Remember how we wrote a function to calculate GDP for a given dataset limited by country and year?
# Takes a dataset and multiplies the population column
# with the GDP per capita column.
calcGDP <- function(dat, year=NULL, country=NULL) {
if(!is.null(year)) {
dat <- dat[dat$year %in% year, ]
}
if (!is.null(country)) {
dat <- dat[dat$country %in% country,]
}
gdp <- dat$pop * dat$gdpPercap
new <- cbind(dat, gdp=gdp)
return(new)
}
When we use this function we know that it takes a dataset with columns labeled pop
and gdpPercap
. We can check that this function works for some different datasets.

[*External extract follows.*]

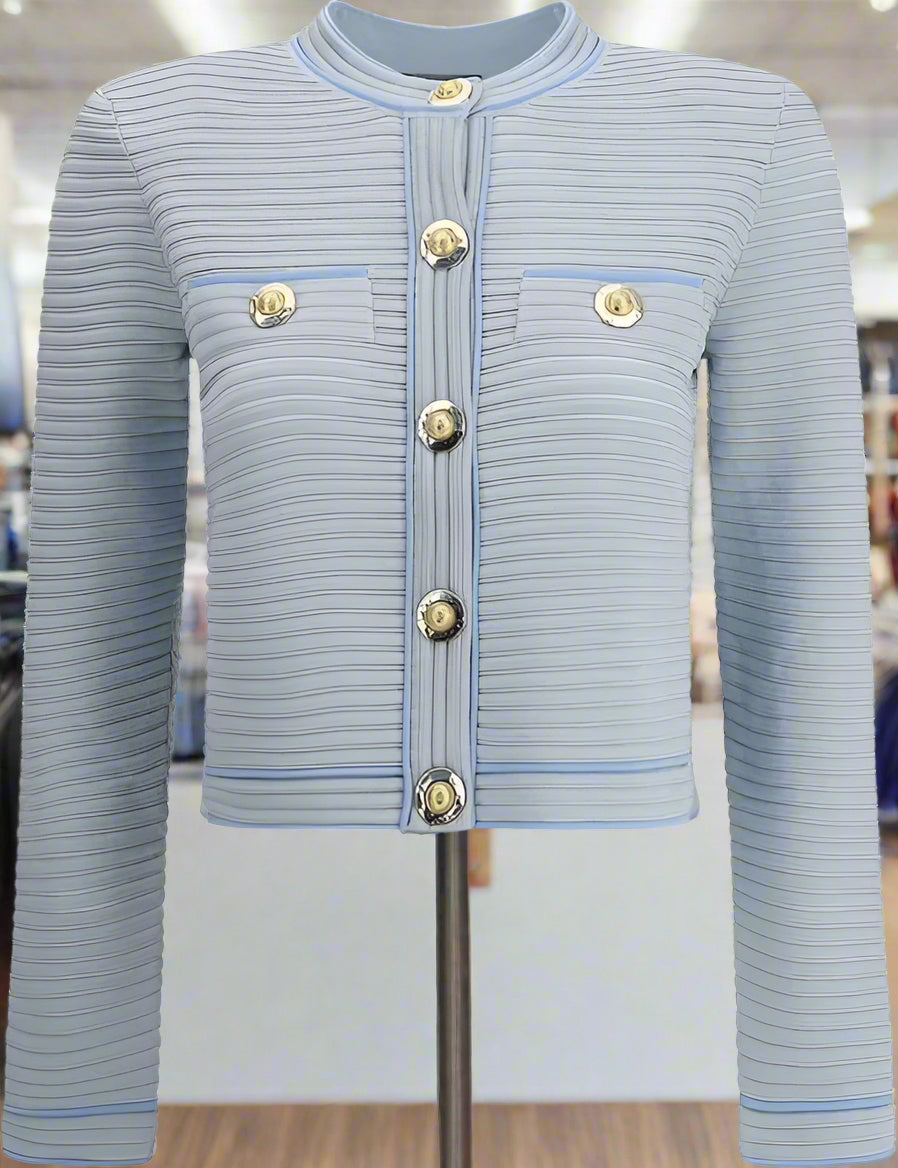Light blue ribbed cardigan with gold buttons on a white background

gapm_wgdp <- calcGDP(gapminder[1:20,])
gapm_wgdp <- calcGDP(gapminder %>% filter(continent=='Asia'), country ='Afghanistan')
What if we accidently misspell Afghanistan?

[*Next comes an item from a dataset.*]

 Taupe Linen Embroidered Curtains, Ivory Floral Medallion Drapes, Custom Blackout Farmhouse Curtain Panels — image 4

gapm_wgdp <- calcGDP(gapminder %>% filter(continent=='Asia'), country ='Afganistan')
This code runs fine but doesn’t output any results and we don’t know why. It would be helpful if we were notified that we did something wrong.
# Takes a dataset and multiplies the population column
# with the GDP per capita column.
calcGDP <- function(dat, year=NULL, country=NULL) {
if(!is.null(year)) {
dat <- dat[dat$year %in% year, ]
}
if (!is.null(country)) {
if (country %in% dat$country){
dat <- dat[dat$country %in% country,]
}
else{
stop('I am sorry, but ', country, ' is not in this dataset')
}
}
gdp <- dat$pop * dat$gdpPercap
new <- cbind(dat, gdp=gdp)
return(new)
}
gapm_wgdp <- calcGDP(gapminder, country ='Afganistan')

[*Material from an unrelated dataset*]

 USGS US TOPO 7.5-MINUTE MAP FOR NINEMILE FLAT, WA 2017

Now we have an error that stopped our script instead of continuing with absent data.
Similarly, what if we accidently mixed up the order of year and country.
gapm_wgdp <- calcGDP(gapminder, 'Afghanistan',2007)
This gives an error that might confuse you. You know that 2007 is in the dataset. Let’s tell the function to stop if the year isn’t a number.
# Takes a dataset and multiplies the population column
# with the GDP per capita column.
calcGDP <- function(dat, year=NULL, country=NULL) {
if(!is.null(year)) {
if (!is.numeric(year)){
stop(year, ' is not a number')
}
dat <- dat[dat$year %in% year, ]
}
if (!is.null(country)) {
if (country %in% dat$country){
dat <- dat[dat$country %in% country,]
}
else{
stop('I am sorry, but ', country, ' is not in this dataset')
}
}
gdp <- dat$pop * dat$gdpPercap
new <- cbind(dat, gdp=gdp)
return(new)
}
Now we get a more useful message.
gapm_wgdp <- calcGDP(gapminder, 'Afghanistan',2007)
One of the advantages of putting code into functions is that we can test each unit of code to make sure it works properly. Each time we broke the code we added a test to the function to make sure we’re notified next time we break the function this way. This is good programming practice. (There are other ways to test funtions, but this is a nice simple one for now.)
Challenge: Now you find a way to break the code, then add a test to make sure that you would know if you committed this error again and would not go ahead with incorrect results.